MNS was the only political party which registered a public protest against the violence that did not spare even the women police personnel. Five years and a string of electoral setbacks later, Thackeray would once again lead a march on 5 October to the headquarters of Western Railway at Churchgate to protest against the Mumbai-Ahmedabad bullet train project and demand better infrastructure for suburban railway commuters in the wake of the Elphinstone stampede.
The MNS chief has sharply criticized the bullet train project and said that no other prime minister has spoken the number of lies Narendra Modi has.
Political observers, MNS workers, and functionaries from other parties feel this is Thackeray’s attempt at reversing the electoral and political decline of his 11-year-old party.
In August 2011, Thackeray had visited Gujarat and Modi, chief minister of Gujarat then, had accorded him the status of a state guest. On his return, Thackeray had lavishly praised the Gujarat model of development and in 2014 backed Modi as the prime minister. Over the past one year though, Thackeray has gone from being a Modi supporter to critic. Does that suggest a change in strategy? MNS workers and functionaries from other parties think so. An MNS leader, who did not want to be named, however, added that the change in strategy has preceded the Elphinstone stampede.
“Rajsaheb has made several visible and not-so-visible changes in the party structure and positioning on public issues in the last four months.
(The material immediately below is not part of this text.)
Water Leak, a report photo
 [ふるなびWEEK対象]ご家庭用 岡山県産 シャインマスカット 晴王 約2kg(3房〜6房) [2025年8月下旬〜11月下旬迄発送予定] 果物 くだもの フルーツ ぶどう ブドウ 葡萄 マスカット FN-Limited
It is not that he has suddenly developed some personal animosity towards Modi. There are decisions and policies Modi has initiated which we feel have either backfired or not worked out the way Modi promised. He is only responding to the people’s grievances," said this MNS leader. He pointed out changes like appointment of new functionaries, a direct line of command established by Thackeray under which any member of the party can reach out to him, and the social media outreach launched recently.
If numbers are any indication, Thackeray’s Facebook debut has been a hit. His Facebook page has received more than 660,000 likes in just weeks after launch. Vaibhavi Palsule, vice-principal and head of the department of political science at Ramnarain Ruia College, cautioned against mistaking FB likes for political support. “When people like the FB page of a particular party or politician, that does not necessarily mean political endorsement," Palsule said.
A senior Mumbai BJP leader, who has been on friendly terms with Thackeray despite the latter’s critical posturing against BJP and Modi, said the MNS chief was talking more at the Shiv Sena than Modi. “He has probably seen some merit in the Shiv Sena strategy of staying in power with BJP and yet criticizing Modiji. I don’t blame him for thinking that attacking Modiji would bring him some political dividends. Politicians senior to him have done this mistake," said the BJP leader requesting anonymity.
The political and electoral footprint of MNS has been shrinking. In the 2017 polls to Brihanmumbai Municipal Corporation (BMC), the MNS polled only 7.74% of votes or seven seats. It had won 28 seats in 2012 Mumbai elections polling more than 20% votes. In the 2014 assembly elections in Maharashtra, the MNS vote-share came down to 3% (one seat) from 11.88% in 2009(13 seats).
Vaibhavi Palsule does not see the MNS making political and electoral gains from its new-found voice on Mumbai’s infrastructural woes.
“MNS and for that matter Shiv Sena too hardly have a consistent and cogent political strategy and direction. MNS particularly has been making below the belt attacks on its opponents to gain temporary popularity. But the very fact that it has not brought it any electoral dividends for the party proves that party has not been able to find a political direction and strategy," Palsule said.